Conservative: Biden’s Racialized Science
President Biden’s pick “to head the Department of Energy’s Office of Science, the largest funder of the physical sciences in the US, is a soil geologist at the University of California, Merced,” with “no background in physics, the science of energy or the energy sector” and no experience “as a scientific administrator,” Heather Mac Donald fumes at City Journal. Asmeret Asefaw Berhe lacks any of the normal qualifications, “but she is a black female, who has won ‘accolades for her work to promote diversity in science,’ as [the journal] Science puts it.” This is a clear bid to impose race-based decision-making on scientific grants; “if Berhe will not commit to hiring and grant-making on the basis of scientific expertise alone, irrespective of race and sex, senators should vote her appointment down.”
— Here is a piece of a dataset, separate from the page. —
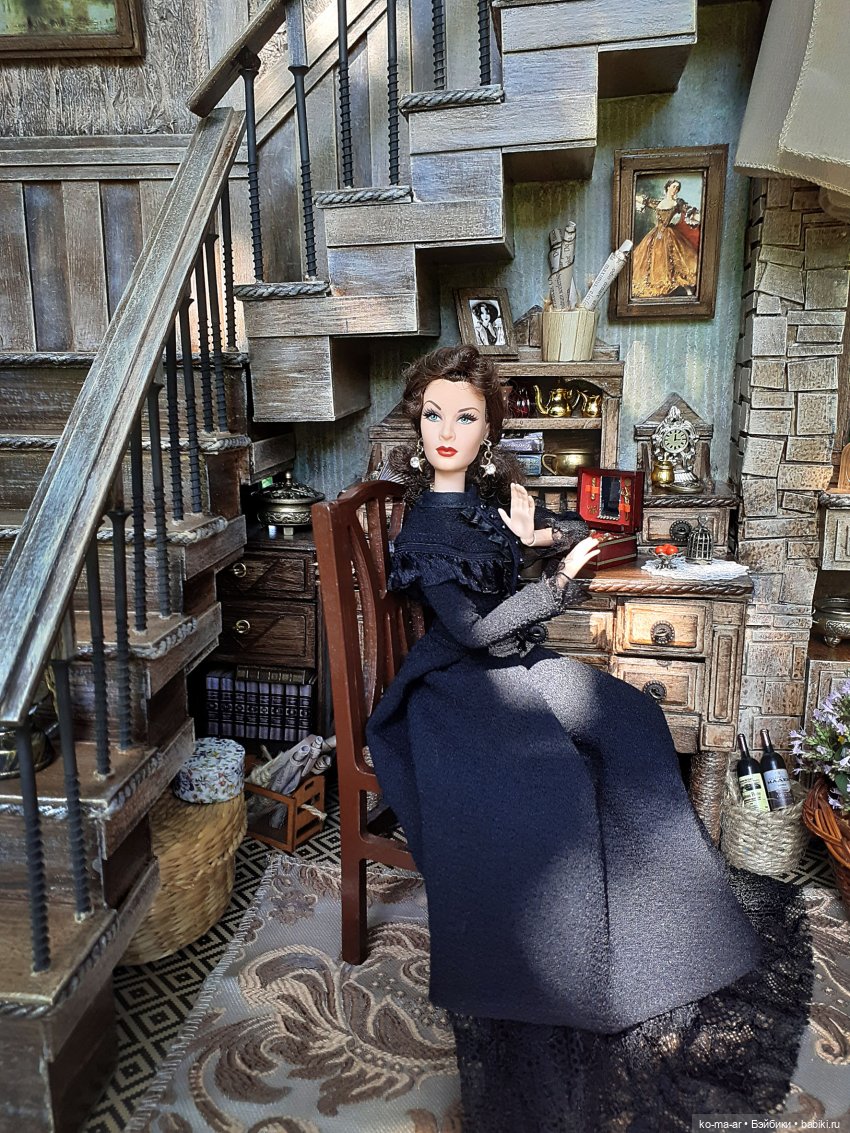 Комната с лестницей и окном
Media watch: Censorship’s Journalist Allies
Facebook’s Oversight Board upheld former President Donald Trump’s suspension “in a decision about as predictable as death, taxes and the sun rising in the east,” snarks The Hill’s Joe Concha. After all, we saw which 2020 candidate social-media companies preferred “with, for example, their surprising outright censoring of the New York Post’s bombshell stories on Hunter Biden’s alleged influence-peddling.” About 70 percent of Americans are Facebook users; “considering his loss of 88 million followers on Twitter and tens of millions more on Facebook and Instagram, it’s impossible” for Trump to “make himself the center of the conversation again.” The media “should be universally up in arms over the censoring of public figures or other news outlets.” Instead, some journalists are “actually cheering” the “increasing tendency” of individuals and enterprises “to engage in a Soviet-style squashing of those with whom they disagree.”
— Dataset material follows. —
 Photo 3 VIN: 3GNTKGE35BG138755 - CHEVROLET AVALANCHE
From the right: Nix This Radical for Justice Dept.
“The Senate should reject leftist lawyer” Kristen Clarke to head the Justice Department’s civil-rights division, urge the Washington Examiner’s editors. She has been accused of extremism for her “animus” against police and alleged ties to black radicals and anti-Semites and was “almost surely fibbing when she told senators” her “racist collegiate writings” were satire and an opinion piece she wrote calling to defund police was meant to oppose defunding. Yet new evidence suggests more questionable statements: She claimed she had no role at a conference lauding cop-killers, but its itinerary lists her as a moderator. She also told senators she didn’t serve alongside “Marxist, anti-Semitic poet Amiri Baraka” on a journal, when she did. “The only thing worse than an anti-police radical is an anti-police radical who lies repeatedly.”
Campus beat: Welcome to the Segregated U
It’s college-planning time for high-school seniors, and those “scanning the amenities of the campuses they’ve chosen may be surprised by a particular feature they hadn’t expected: dorms and events for persons of color only, no whites allowed,” laments First Things’ Mark Bauerlein. “It sounds like the return of Plessy v. Ferguson and a betrayal of the integrationist vision of the civil-rights movement. It’s spreading, however, because students of color themselves demand separate treatment.” What’s going on? These students yearn for “grounds and foundations, reassuring origins and forebears. They need a solid world and a momentous history and an enchanted reality” — things, in other words, that they’ve been deprived of by official multiculturalism, consumerism and secularism. If these longings aren’t “answered soon. . . the hostility is going to get worse.”